Pancasila harus menjadi jiwa di balik setiap keputusan: dari musyawarah pengambilan kebijakan, pembagian hasil usaha, hingga hubungan antara desa dan pihak luar. Nilai-nilai gotong royong, keadilan sosial, kemanusiaan, dan keberpihakan pada yang lemah harus hidup nyata dalam praktik ekonomi desa.
*Menjemput Masa Depan, Mulai dari Desa*
Dengan 65.439 BUMDesa dan BUMDesa Bersama yang berdiri di seluruh Indonesia dan puluhan ribu KopDes Merah Putih yang sedang dibentuk, ini adalah momentum besar. Jika arah langkahnya benar, desa akan menjadi pusat perubahan. Tapi jika salah arah, peluang emas ini bisa hilang begitu saja.

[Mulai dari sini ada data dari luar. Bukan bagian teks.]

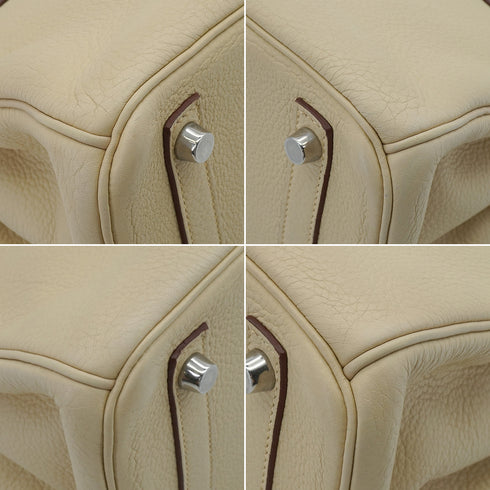 HERMES BIRKIN 30 PARCHEMIN TAURILLON CLEMENCE HAND BAG 2008 SQUARE L PALLADIUM HARDWARE 90349832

Pancasila adalah cahaya yang tak boleh padam. Ia adalah bintang penunjuk jalan di tengah gelapnya krisis sosial dan ekonomi. BUMDesa dan KopDes Merah Putih yang berpijak pada Pancasila akan menjadi lokomotif pembangunan yang bukan hanya menyejahterakan desa, tetapi juga menyelamatkan bangsa dari ketimpangan dan ketergantungan.
"Dengan menjadikan Pancasila sebagai Leichstar, desa bukan lagi objek pembangunan, tapi subjek revolusi ekonomi Indonesia,"katanya.